Collected data -
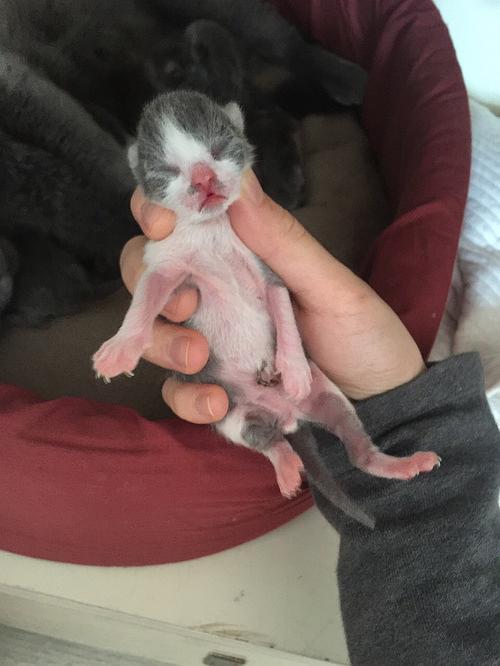 分享下刚出生的小猫崽,哈哈哈
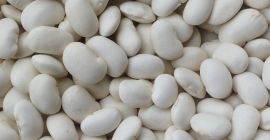 Witam oferujemy na sprzedaż fasolę Jaś karlowy ilości calosamochodowe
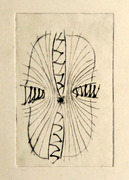 抽象（仮題） 画像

Your instructions -
Each line of the data needs to be output exactly, with any image excluded.

Written solution -
 分享下刚出生的小猫崽,哈哈哈
 Witam oferujemy na sprzedaż fasolę Jaś karlowy ilości calosamochodowe
 抽象（仮題） 画像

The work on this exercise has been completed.